The present disclosure provides methods and systems for transferring features needed for enabling traffic engineering (TE) functions in a network. Non-limiting examples of such TE functions include: traffic prediction, traffic forwarding, traffic classification, scheduling and queuing, traffic conditioning, anomaly detection and other network functions implementable in the network. In some embodiments, a TE function relies on receiving data related to various features representative of or related to network traffic at network elements (e.g., network switches, commodity servers, cloud nodes) of a communication network.
In the context of the present disclosure, features are related to or representative of operational network state variables, some or all of which may be needed for at least one traffic engineering network function. The features may be related to or representative of network resources, (e.g., classes of) network traffic, or both. Non-limiting examples of features include: link bandwidth, measured delay and buffer space of a network element, available computational resources of a network element, measured delay, bit rate, packet rate of a certain network element or traffic flow(s), a transmission bit rate in the communication network, a packet size of packets transmitted in the communication network, a utilization of a link in the communication network, a delay in a flow in the communication network, and a delay in a link of the communication network. Generally, the features related to or representative of operational state variables may include features/metrics obtained (extracted) from packet headers, flows, and any other suitable measurements. As an example, when a decoder needs to predict whether a flow is delay sensitive or delay insensitive or, when a decoder needs to predict when traffic will be below a predefined congestion level or above the predefined congestion level, then some or all of the above mentioned operational state variables may be needed. Non-limiting examples of communication networks include the Internet, core networks and access networks.
In embodiments of the present disclosure, a distributed neural network encoder-decoder system is deployed in the (communication) network. The encoder-decoder system may utilize so called split learning to obtain features or data related to features needed for each of at least one TE function. The features may be obtained (or received) by each encoder deployed at a respective encoder network element in the network. The features obtained by each encoder may be referred to as input data and include some or all of available features at the respective encoder network element. The respective encoder network element is associated with at least a data plane traffic. The input data are related to operational state variables in the network, such as bit rate, packet size, utilization of link, measured delay of flow or link. The input data or data is processed (e.g. encoded by each encoder) and transferred (or transmitted, sent) across the network to be used to support (or enable, output) TE functions in the network. Processing the input data may include substantially automatically (e.g. after a corresponding machine learning training phase) selecting, by an encoder, from the input data those TE function features that are needed for a specific (at least one) TE function while generating a latent representation of the TE function features using neural network (NN) layers of the encoder. In other words, the encoder receives the input data at the respective encoder network element, automatically (following machine learning) processes the input data to generate (or output) a latent representation that represents the TE function features, thereby filtering out non-important (i.e. not needed, not relevant for each of at least one TE function) input data and representing relevant or selected features (i.e. those needed for at least one TE function) as the latent representation.

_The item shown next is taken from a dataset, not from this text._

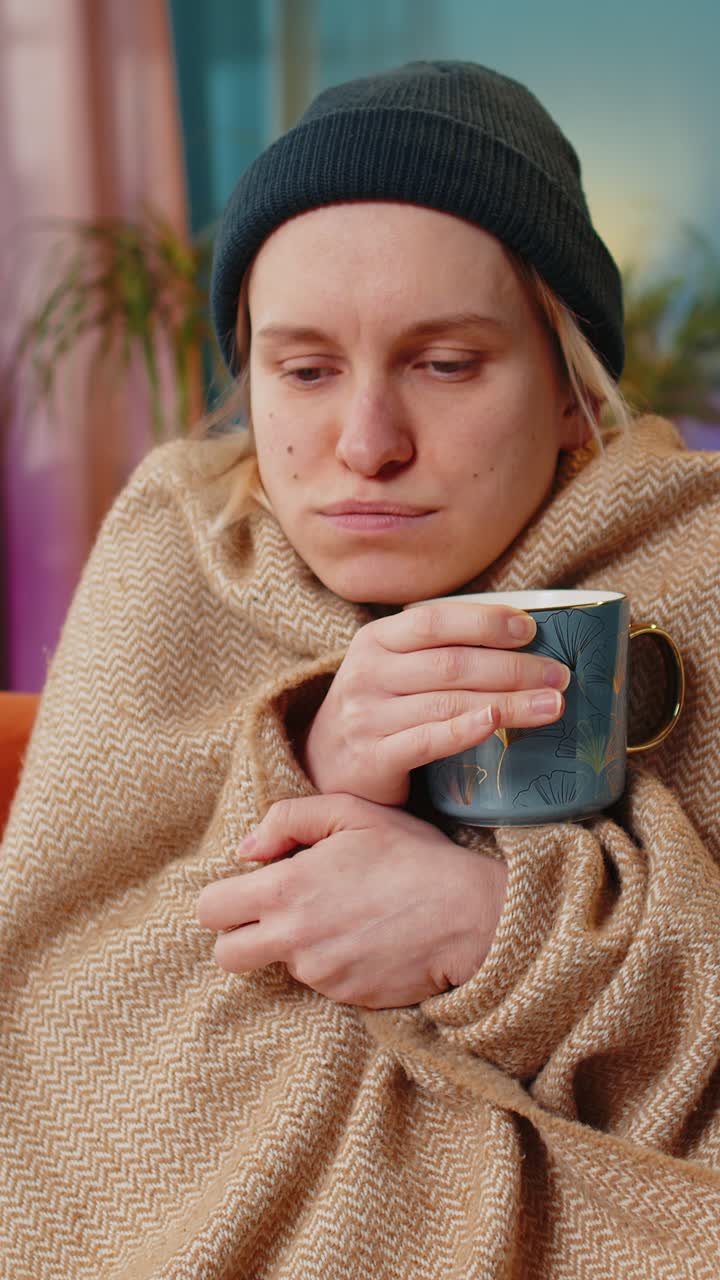 Ill sick unhealthy woman freezes from the cold feels bad covered by warm blanket drinks tea at home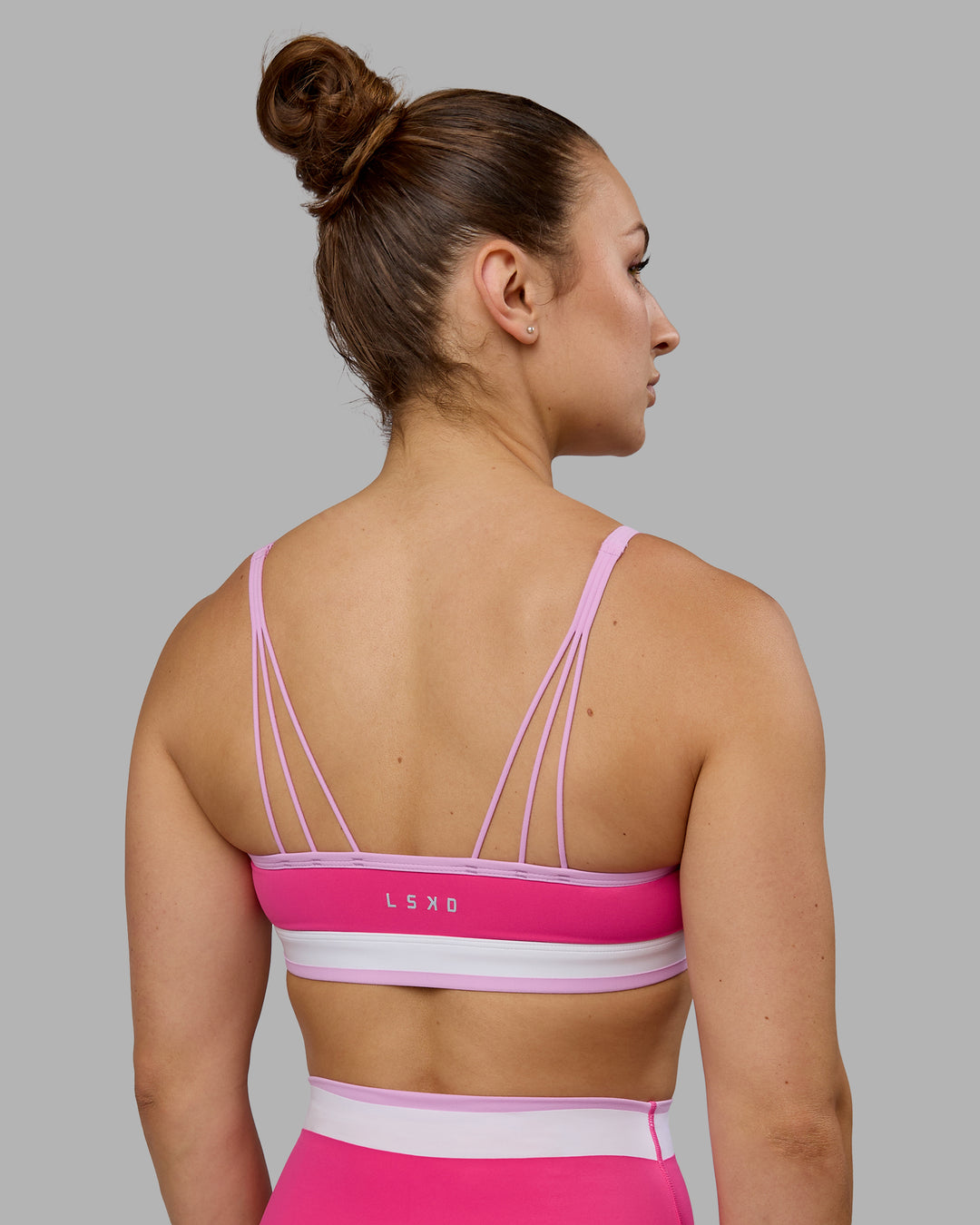 Woman wearing Excel Sports Bra - Ultra Pink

In embodiments, the latent representation is sent, by each representative encoder network element, to some or all of at least one decoder network element, each decoder network element having a decoder deployed thereat. A decoder receives the (at least one) latent representation and processes or decodes (each of) the received latent representation to output (e.g. perform or enable) at least one TE function.
In embodiments, the TE function output by the decoder may be based on the TE function features the latent representation is representative of.
In embodiments, more than one TE function may be associated with an output by one decoder.
In embodiments, a TE function may be a combination of individual TE functions.
In embodiments, an encoder-decoder system includes at least one (neural network or NN) encoder and at least one NN decoder. The encoder-decoder system may include a plurality of encoders deployed in the network. Each encoder is associated with and processes or encodes (e.g. periodically, with predetermined frequency) some or all input data from at least one associated or respective network element among a plurality of network elements (e.g., a network switch, a commodity server, a cloud node). Each encoder may obtain (e.g. receive, collect) some or all the input data related to or including features from its associated (or respective) network element. The encoder processes the obtained input data. Such processing may include selecting (e.g., filtering) TE function features required for each (of at least one) specific TE function from the input data by generating a latent representation of the TE function features.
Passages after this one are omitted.